By Torey Van Oot and Jim Sanders
At least 93 California legislative employees making more than $100,000 received raises this year, a review of newly released payroll records showed.
While six-figure wage earners represent just a fraction of total legislative staff, the Capitol now has more than 300 employees making more than $100,000.
Forty-seven Senate employees with six-figure salaries received raises between Jan. 31 and June 30 of this year. Six additional employees in that pay range received raises but were promoted or assigned to a new job. Records released to The Bee under the Legislative Open Records Act show that at least 189 employees in the upper house now make six figures or more, a net increase of 15 since Jan. 31.
The Senate salary hikes were part of a yearlong policy that resulted in merit raises of up to 5 percent for roughly 560 of the upper house's 964 staff members. Rhys Williams, a spokesman for Senate President Pro Tem Darrell Steinberg, said that merit raises totaled about $1.5 million in the past year, with 58 percent of Senate employees receiving a raise.
Some employees received larger percentage hikes because they switched job classifications, recently or in years past, without a pay increase at the time, Williams said Wednesday.
In the Assembly, 46 employees with six-figure salaries received pay increases since Dec. 1 under a directive by Assembly Speaker John A. Pérez permitting raises ranging from 3.6 percent to 5 percent for aides whose pay had not risen in three years or more.
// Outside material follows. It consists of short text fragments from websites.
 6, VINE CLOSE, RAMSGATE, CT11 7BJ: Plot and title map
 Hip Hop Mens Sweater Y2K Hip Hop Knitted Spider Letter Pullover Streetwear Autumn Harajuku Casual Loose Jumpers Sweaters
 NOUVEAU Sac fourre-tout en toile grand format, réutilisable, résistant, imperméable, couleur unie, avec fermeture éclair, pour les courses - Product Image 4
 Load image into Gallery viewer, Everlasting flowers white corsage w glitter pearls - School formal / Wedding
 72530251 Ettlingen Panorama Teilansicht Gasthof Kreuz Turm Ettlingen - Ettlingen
There have been about 365 raises and about 110 job reclassifications among the Assembly's roughly 1,300 employees.
The lower house now has 130 employees making $100,000 or more -- an increase of 10 since Dec. 1, records show.
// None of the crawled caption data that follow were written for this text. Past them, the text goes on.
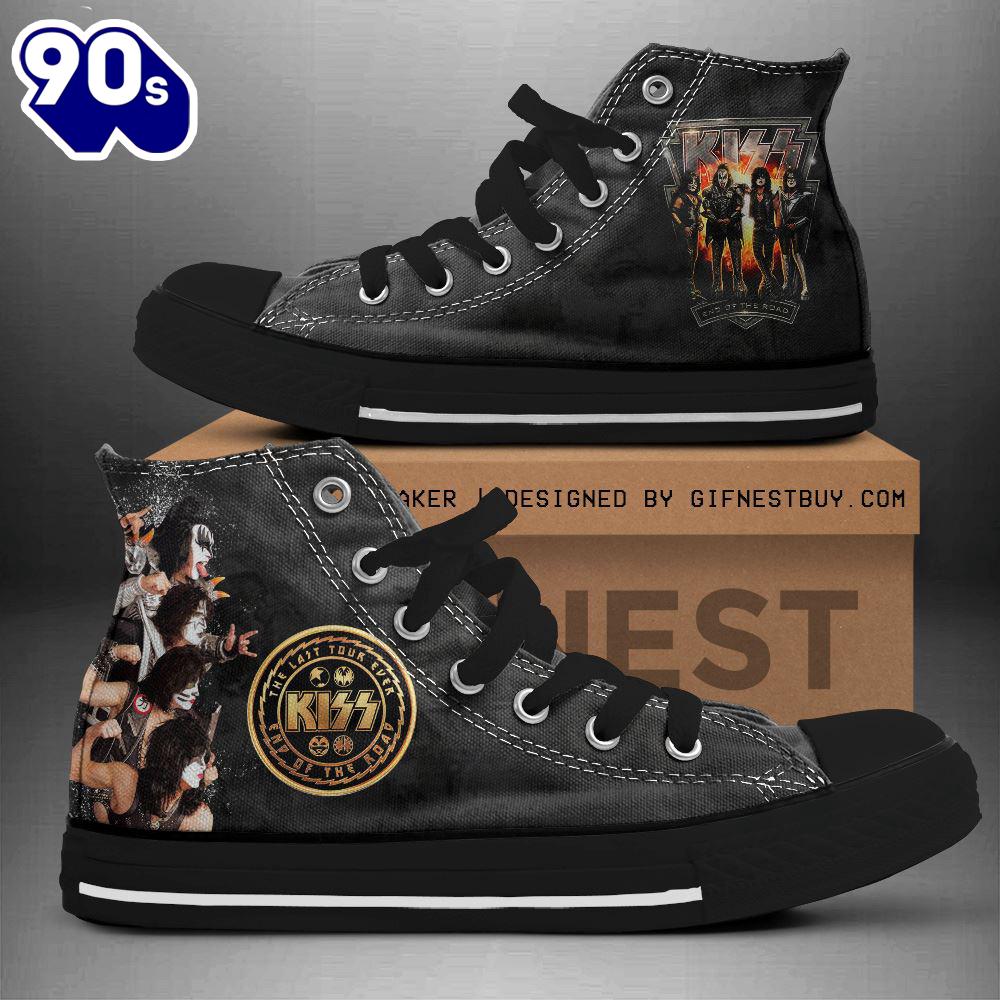 Kiss Band The Last Tour Ever, Kiss Band High Top Shoes For Fans Kiss Band The Last Tour Ever, Kiss Band High Top Shoes For Fans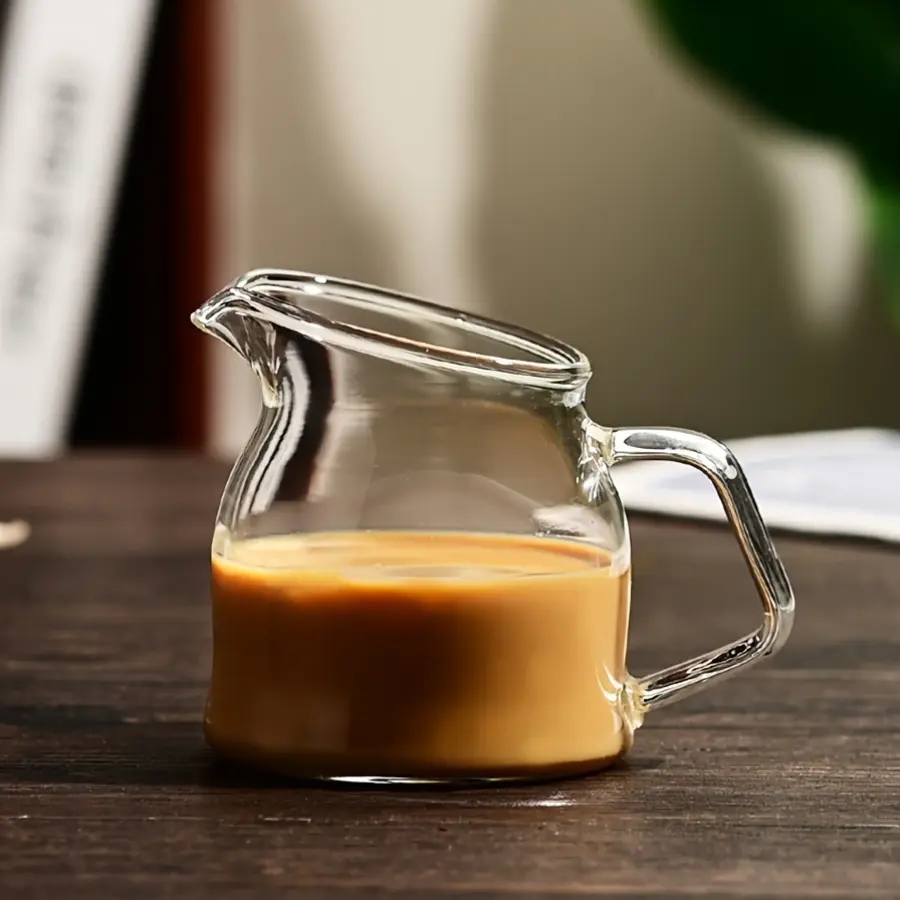 Mini Glass Creamer with Spout - Versatile Serving Sauce and Honey Jug, Stylish Coffee Cup for Dining, Kitchen & Home Use, Ideal Container for Milk & Syrups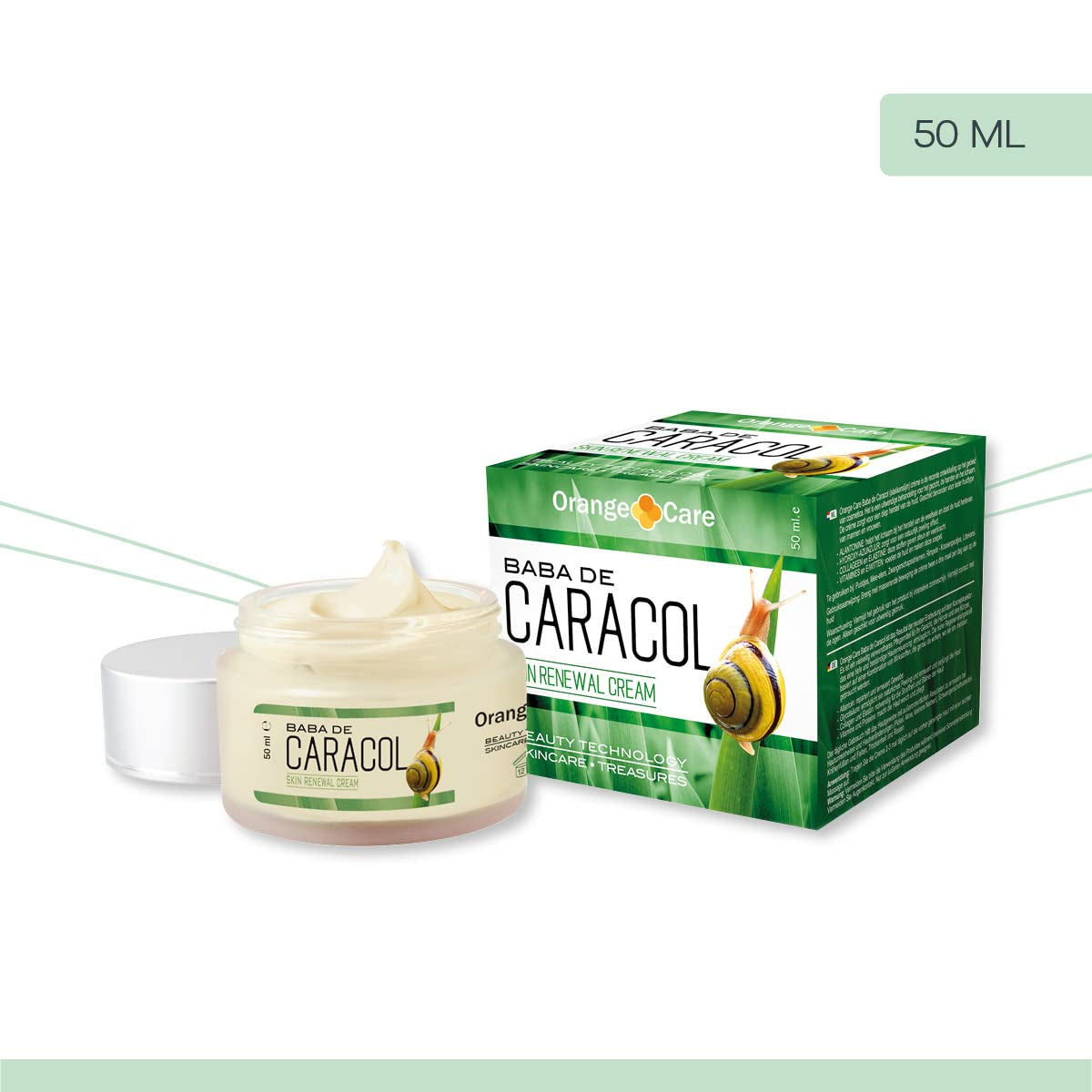 Orange Care Baba De Caracol Gesichtscreme Mit Schneckenschleim, Allantoin, Glykolsäure, Kollagen, Elastin, Schneckencreme - Schneckengel - Heilung & Weniger Akne, Narben, Anti-Aging (1)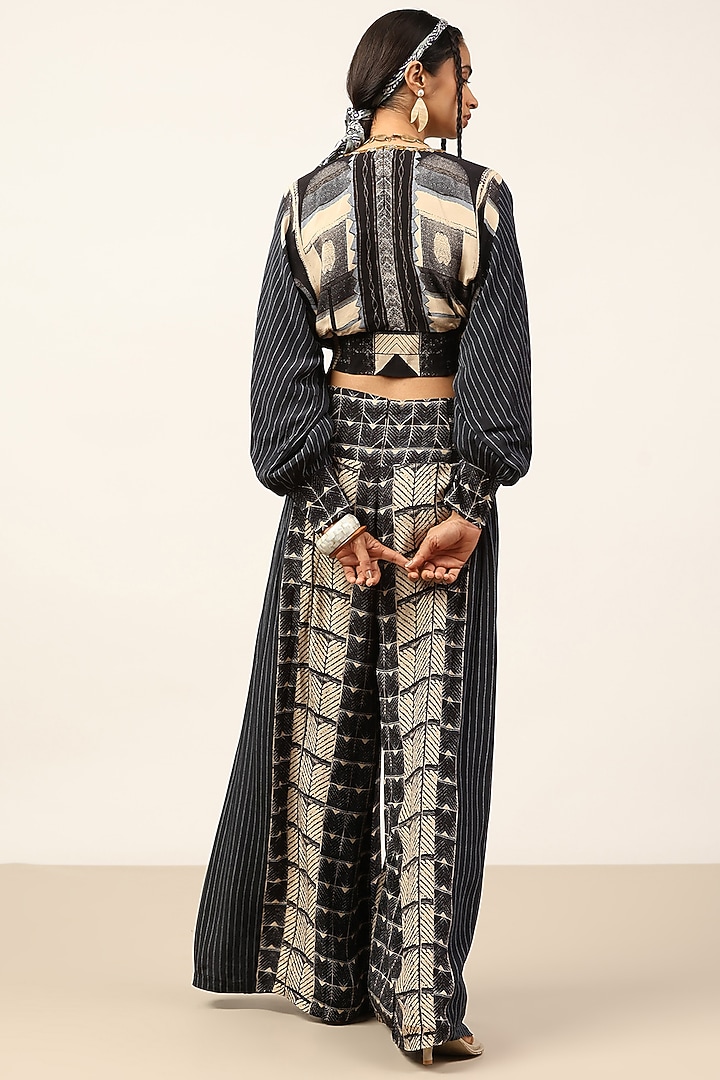 Black & Beige Viscose Printed Palazzo Set by Ritu Kumar at Pernia's Pop Up Shop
Pérez's decision to allow raises after a long pay drought extended to employees of all pay levels, and hundreds have have seen their paychecks rise since the legislative year began Dec. 1.
Senate President Pro Tem Darrell Steinberg on Wednesday announced plans to seek a one-year freeze on pay increases in light of the state's ongoing fiscal problems. The Senate had previously frozen pay for four years, from 2007 to 2011. The Assembly has no plans to enact a salary freeze.
Editor's note, 1:36 p.m.: This post has been updated to correct the number of Assembly employees making $100,000 or more.